Title:Cancer Diagnosis Through IsomiR Expression with Machine Learning Method
VOLUME: 13 ISSUE: 1
Author(s):Zhijun Liao, Dapeng Li, Xinrui Wang, Lisheng Li and Quan Zou*
Affiliation:Department of Biochemistry and Molecular Biology, Fujian Medical University, Fuzhou, Department of Internal Medicine-Oncology, The Fourth Hospital in Qinhuangdao, Qinhuangdao, Department of Biochemistry and Molecular Biology, Fujian Medical University, Fuzhou, Department of Biochemistry and Molecular Biology, Fujian Medical University, Fuzhou, School of Computer Science and Technology, Tianjin University, Tianjin
Keywords:MicroRNA, isomiR, cancer, machine learning, high-throughput data, RNA-SEQ data.
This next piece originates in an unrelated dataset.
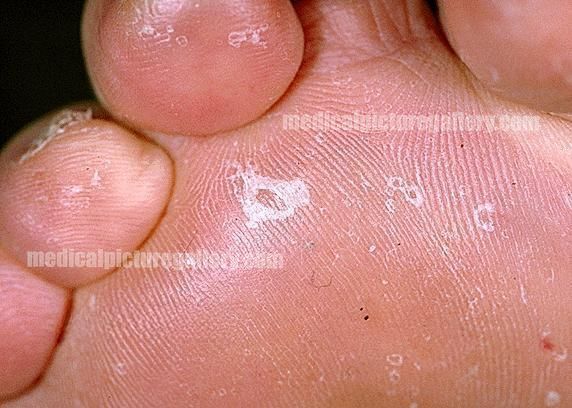 Tinea pedis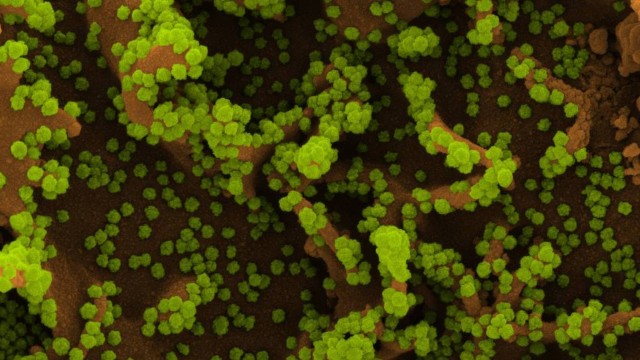 Micrografia eletrônica de varredura colorida de uma célula (marrom) fortemente infectada com partículas do coronavírus (Sars-CoV-2, em verde), isolada de uma amostra de paciente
Abstract:Background: IsomiR is an isoform of microRNA (miRNA), and its sequences vary from
those of a reference miRNA, which arose with the advencements of deep sequencing, high miRNA
variability has been detected from the same miRNA precursor. IsomiR exists in four main types formed
through the following processes: 5' or 3' trimming, Nucleotide addition, Nucleotide removal, and posttranscriptional
RNA editing.
Objective: For cancer diagnosis, it needs to explore differential expression profiles which can be used to
distinguish cancer and normal cell lines, especially in the isomiR-mRNA regulatory networks, because
aberrant isomiR expression profiles may contribute to tumorigenesis.
Method: We extracted five features of the isomiR read counts from RNA-SEQ data in TCGA, with a
random forest classification algorithm, these features were applied to diagnose six cancers: breast
invasive carcinoma, lung adenocarcinoma, squamous-cell carcinoma of the lung, stomach
adenocarcinoma, thyroid carcinoma, and uterine corpus endometrial carcinoma.
Results: Compare with the classifier libD3C, our method can be utilized to distinguish cancers from
their normal counterparts by performance based on sn, sp, ACC and MCC measures.
Conclusion: IsomiR can be successfully and effectively used to diagnose cancer through machine
learning method from high-throughput data.